Which of the following inequalities holds true?

(A) $\sqrt{5}+\sqrt{3}>\sqrt{6}+\sqrt{2}$.
(B) If $a > b$ and $c <0$, then $\frac{a}{c}<\frac{b}{c}$
(C) $\frac{1}{x^2}>\frac{1}{x}>1$, if $0<x<1$.
(D) If $a$ and $b$ are positive integers and $\frac{a-b}{6.25}=\frac{4}{2.5}$, then $b> a$.

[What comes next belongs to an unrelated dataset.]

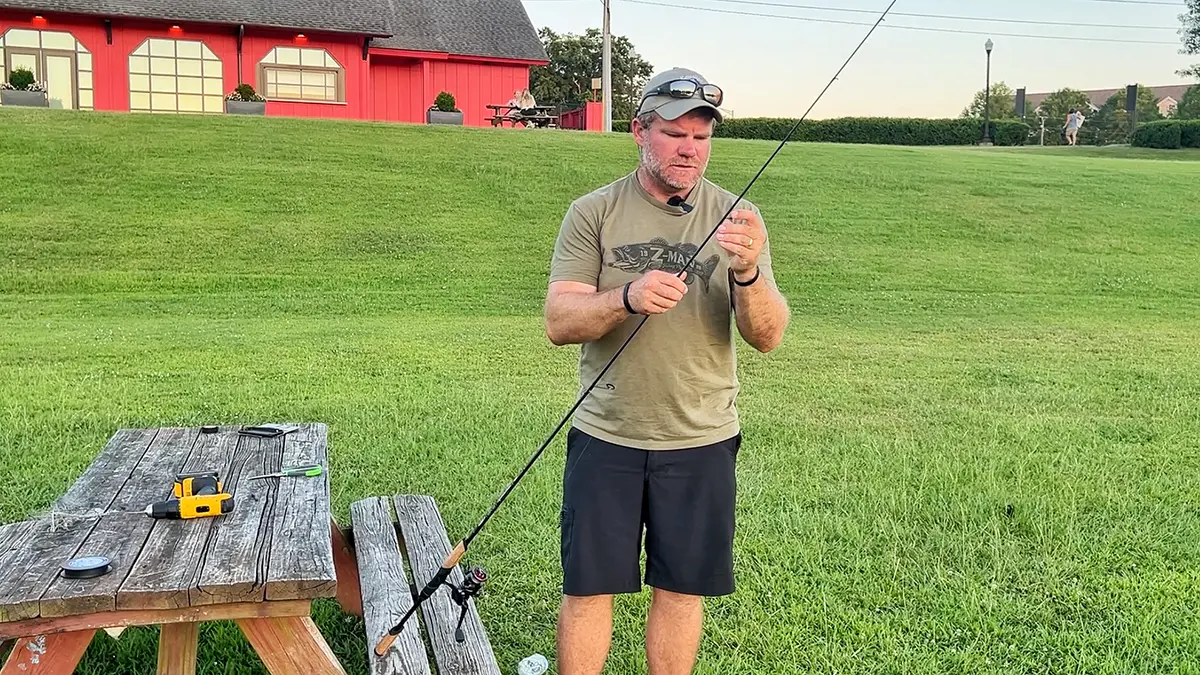 Step 7: rig your rod and bait. Angler Shaye Baker standing by a picnic table rigging his St. Croix Mojo Bass Trigon rod with Seviin GS Series spinning reel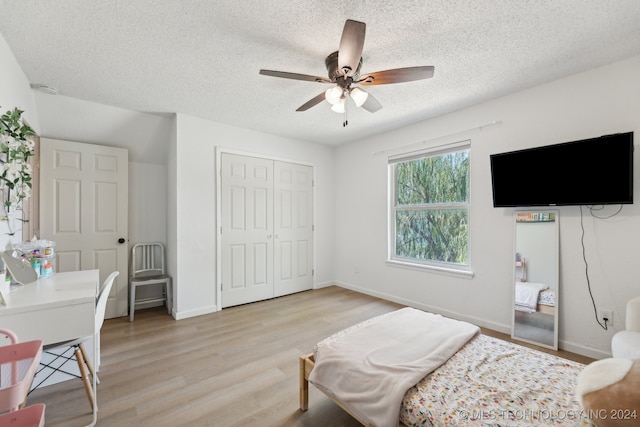 bedroom featuring light hardwood / wood-style floors, a closet, a textured ceiling, and ceiling fan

Choose the correct answer from the options given below:

(A), (B) and (C) only

The correct answer is Option (2) → (A), (B) and (C) only

(A) $\sqrt5+\sqrt3$ and $\sqrt6+\sqrt2$

Square both sides

$(\sqrt5+\sqrt3)^2=8+2\sqrt{15}$

$(\sqrt6+\sqrt2)^2=8+2\sqrt{12}$

Since $\sqrt{15}>\sqrt{12}$, left side is greater

True

(B) If $a>b$ and $c<0$ then $\frac{a}{c}<\frac{b}{c}$

Division by a negative number reverses inequality

True

(C) If $0<\text{ x }<1$ then $\frac{1}{x^2}>1$ and $\frac{1}{x}>1$ but $\frac{1}{x^2}>\frac{1}{x}$

Hence $\frac{1}{x^2}>\frac{1}{x}>1$

True

(D) Given $\frac{a-b}{6.25}=\frac{4}{2.5}$

$a-b=6.25\times\frac{4}{2.5}=10$

$a-b=10$

$a>b$

So $b>a$ is false

False

The correct inequalities are (A), (B) and (C).